Categorized as Clients

Hey there, coach! Are you tired of feeling like your coaching notes are all over the place? Or maybe you’re struggling to get a good read on your clients during sessions. 

Don’t sweat it – we’ve been there, done that, and we’re here to spill all the tea!

In this blog post, we’re gonna give you the lowdown on how to take some bomb coaching notes that’ll seriously up your game. 

So buckle up – we’re about to take your coaching notes to the next level.

By the way, we’re Cass and Tee, the fierce duo behind Lovely Impact – the ultimate biz resource website for coaches like you. 

With years of experience in the coaching industry, we’ve got the insider scoop on how to take notes like a pro, and we’re ready to share our secrets!

What Are Coaching Notes?

If you’re a coach (and we know you are, because you’re here!), then you know that taking notes during and after client sessions is a must. 

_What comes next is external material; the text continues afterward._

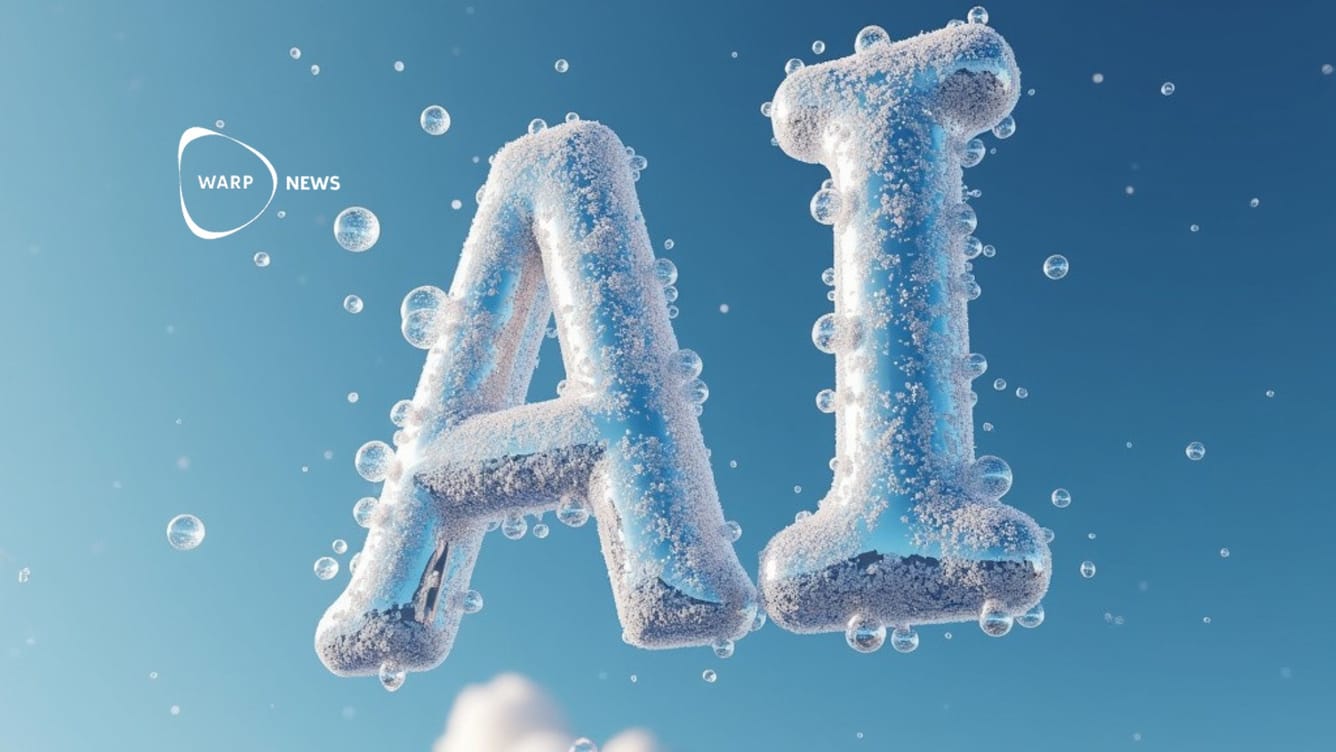 🦾 Lugn bara lugn, AI är inte en bubbla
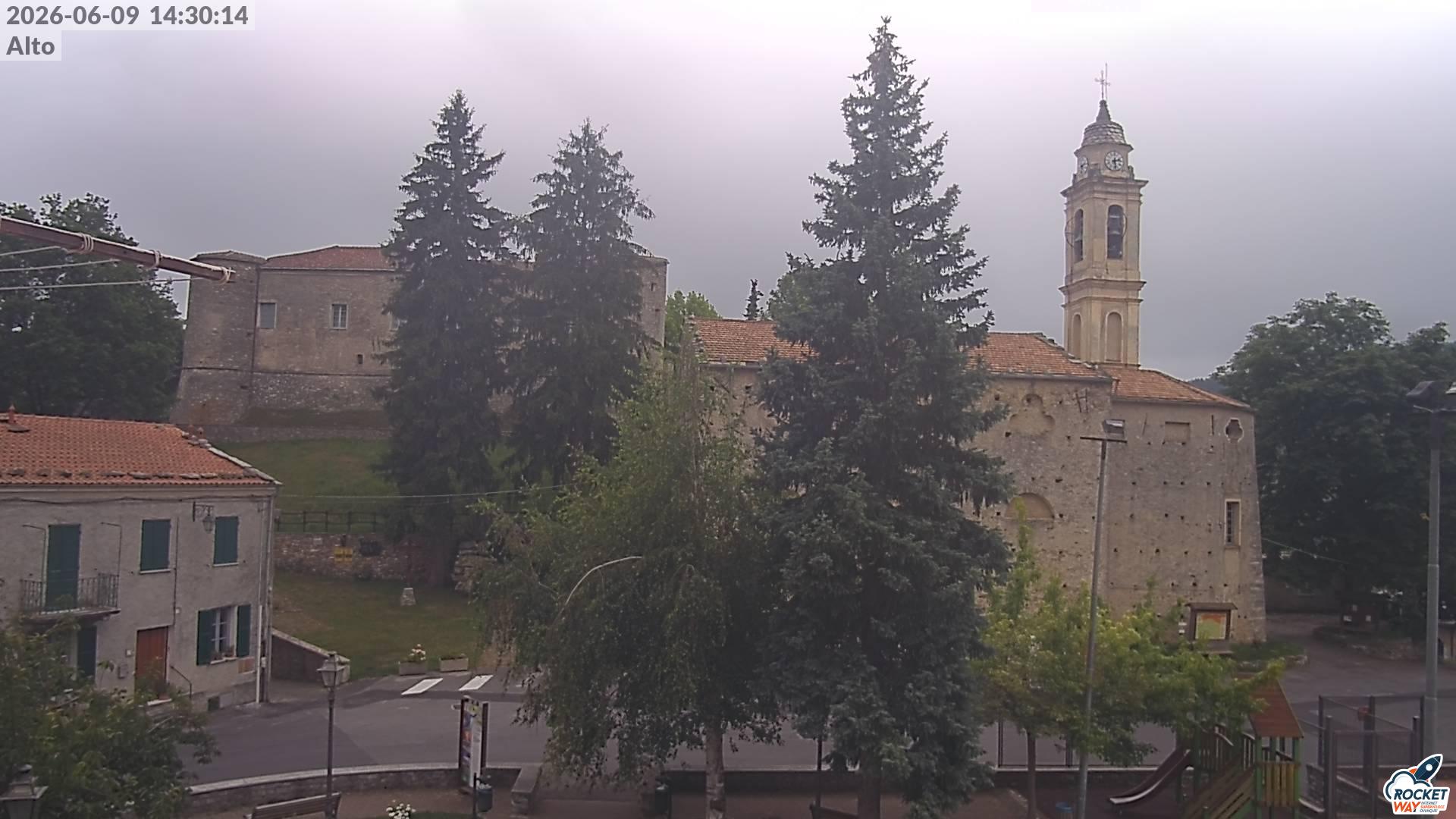 immagine della webcam nei dintorni di Bardineto: webcam Alto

But let’s be real – taking notes can be overwhelming, tedious, and sometimes downright confusing. We get it – we’ve been there too. 

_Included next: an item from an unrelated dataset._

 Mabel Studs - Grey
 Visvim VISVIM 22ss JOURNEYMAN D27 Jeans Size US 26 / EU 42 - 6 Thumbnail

First of all, let’s talk about what coaching notes even are. 

Basically, coaching notes are like the secret sauce of your coaching business – they’re the key to unlocking your client’s needs, tracking progress, and providing personalized guidance. 

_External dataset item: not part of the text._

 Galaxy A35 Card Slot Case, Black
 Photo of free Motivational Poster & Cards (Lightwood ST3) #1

When you take good coaching notes, you’re able to keep track of your client’s progress over time, identify patterns and trends, and provide more effective coaching based on their individual needs.

Now, we know what you might be thinking – “But Cass and Tee, isn’t taking notes during a session distracting and rude?” We hear you, coach, but trust us – taking notes during a session is actually a sign of respect and professionalism. 

Not only does it show your clients that you’re fully present and engaged in the session, but it also helps you stay focused on their needs and goals.

So, why is taking effective notes during and after client sessions so important? 

Well, for starters, it helps you better understand your clients. By keeping track of what they’re saying and how they’re feeling, you can gain valuable insights into their needs and goals. This, in turn, allows you to provide more personalized guidance and support.

In addition, taking good coaching notes also helps you track progress over time. When you can see how far your clients have come since their first session, you can celebrate their successes and identify areas where they still need support. This, in turn, helps you provide more effective coaching and keep your clients motivated and engaged.

Overall, taking effective coaching notes is a game-changer for understanding your clients, tracking progress, and providing more effective coaching. 

So, buckle up and get ready to take some notes, coach – we’re about to spill all our secrets!

Types of Coaching Notes + Examples

Alright, let’s dive into the different types of coaching notes that coaches may take. 

We know it can be confusing to keep track of all the different types of notes but trust us – each type serves a unique purpose and can help you provide more effective coaching to your clients.

Session Notes

First up, we have session notes. Session notes are taken during each coaching session and are used to track what was discussed, what progress was made, and what action steps were identified. 

These notes should include the date of the session, the client’s name, and a brief summary of what was discussed. 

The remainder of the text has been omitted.